E apresentado por Leandro - grande amigo da equipe - com seu novo "look".

segunda-feira, 12 de julho de 2010

O pagamento

Chegamos na comunidade de Paraty Mirim (Paraty-RJ) na sexta bem cedo. É um trabalho bem mais tranquilo ao que estamos acostumados no sertão, onde ao chegar na escola, encontramos dezenas de crianças e adultos nos aguardando em festa. Porém, apesar da comunidade ser pequena, o carinho com que fomos recebido dessa vez foi semelhante.
A área odontológica - sem puxar "sardinha" - sempre encontra muito trabalho. Não importa quanto seja afastada e pouco centralizada a comunidade, tratamento dentário, infelizmente, ainda é uma carência enorme de nosso país. Portanto eu e o André - amigo e colega de profissão -, trabalhamos bastante nos dois dias de atendimento.
No meio da tarde, apareceu um garoto, de seus 9 anos, Lorran, pedindo para que eu arrumasse seu dente quebrado. Tinha tomado um tombo semanas atrás e, ao bater a boca na escada, quebrou o dente da frente (incisivo superior direito, para ser mais técnico).

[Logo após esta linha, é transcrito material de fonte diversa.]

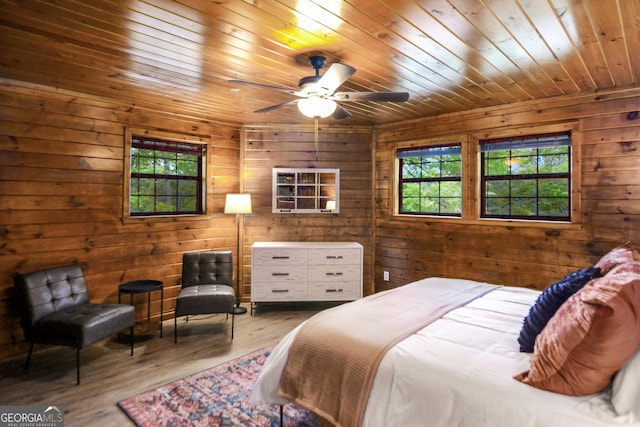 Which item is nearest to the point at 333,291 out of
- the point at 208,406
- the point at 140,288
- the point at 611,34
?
the point at 140,288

- Claro, aguenta um pouco que a gente já dá uma olhada nele - eu disse e ele abriu seu sorriso, mostrando o dente pela metade.

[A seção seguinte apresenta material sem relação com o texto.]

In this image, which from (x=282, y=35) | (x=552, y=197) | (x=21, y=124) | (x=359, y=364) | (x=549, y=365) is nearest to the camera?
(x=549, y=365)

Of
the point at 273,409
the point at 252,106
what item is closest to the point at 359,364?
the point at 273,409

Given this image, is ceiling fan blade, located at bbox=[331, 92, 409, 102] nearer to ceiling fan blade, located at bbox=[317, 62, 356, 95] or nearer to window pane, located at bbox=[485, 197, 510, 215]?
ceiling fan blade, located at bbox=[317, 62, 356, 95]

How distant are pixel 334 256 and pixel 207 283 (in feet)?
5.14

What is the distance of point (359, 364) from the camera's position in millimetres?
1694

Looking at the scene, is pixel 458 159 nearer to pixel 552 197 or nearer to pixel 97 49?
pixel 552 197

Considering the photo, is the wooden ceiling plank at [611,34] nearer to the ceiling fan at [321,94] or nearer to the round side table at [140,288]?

Pouco tempo depois chegou sua vez. Adoro arrumar esses dentes do sorriso. Bom, na verdade, é claro, adoro arrumar todos, mas esses da frente, abraçam muito mais do que reestabelecer uma função e evitar futuros problemas. Envolve devolver auto-estima, confiança, e até mesmo reinserção social. Uma pessoa com os dentes da frente em mal estado, geralmente, se envergonha ao sorrir, levando a mão na frente da boca nessa hora, tentando esconder os dentes com os lábios, ou mesmo virando o rosto. Por isso a importância de devolver o sorriso original.
Com Lorran foi assim. Acabamos a restauração e pude ver seus olhos brilharem quando olhou no espelho. Não foi uma restauração difícil, ou que exigisse grande habilidade do dentista. Algo normal e casual, que levou seus 40 minutos, mas que devolveu aquele brilho nos olhos do garoto. Me pergunto, já sabendo a resposta, se tem pagamento que me deixaria mais feliz.

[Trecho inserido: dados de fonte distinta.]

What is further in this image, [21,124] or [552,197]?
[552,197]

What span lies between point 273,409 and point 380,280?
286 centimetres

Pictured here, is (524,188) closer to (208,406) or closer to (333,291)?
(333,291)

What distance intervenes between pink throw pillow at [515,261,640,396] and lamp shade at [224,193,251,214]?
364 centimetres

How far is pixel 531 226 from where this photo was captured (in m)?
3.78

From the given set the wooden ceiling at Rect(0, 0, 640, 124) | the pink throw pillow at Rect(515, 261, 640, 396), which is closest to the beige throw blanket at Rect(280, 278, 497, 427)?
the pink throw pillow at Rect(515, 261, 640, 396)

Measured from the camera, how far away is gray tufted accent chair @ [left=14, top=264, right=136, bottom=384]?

De noite, havia uma feira cultural, onde fizeram uma confraternização conosco. Uma grande roda de viola foi armada e, como adoramos isso, nos sentamos em volta. Um dos presentes pegou o violão e tocou algumas músicas. Fiquei surpreso ao ver Lorran se aproximando dele, colocando o braço em volta de seu pescoço e cantando a música, como velhos conhecidos. Me olhava e sorria. No final da música, caminhou até mim, me cumprimentou e me disse "muito obrigado por arrumar meu dente", meio tímido, meio sorrindo e saiu.
Minutos depois, o rapaz que tocava violão, veio até mim. Era o pai de Lorran.
- Olha, não sei nem como agradecer pelo que você fez pelo meu filho, só Deus mesmo. Muito obrigado. - disse emocionado.
Me explicou então, que desde que havia caído, seu filho andava triste, o que o fez levá-lo ao dentista na cidade, porém ali, o profissional cobrou 600 reais para restaurar o dente fraturado.
- Pensei até em pedir para que ele desgastasse o do lado, para ficar na mesma altura, mas seriam 250 reais e desisti. - continuou.
Eu expliquei para que ele nunca pensasse em fazer aquilo, estragar um dente bom para parecer o outro, e respondi, sinceramente, que não foi nada de mais.
Mais uma vez me disse que não sabia como agradecer. Não percebeu que não precisaria mesmo. Aqueles minutos valiam muito, mas muito mais, do que aqueles 600 reais que o outro dentista ganharia pela restauração.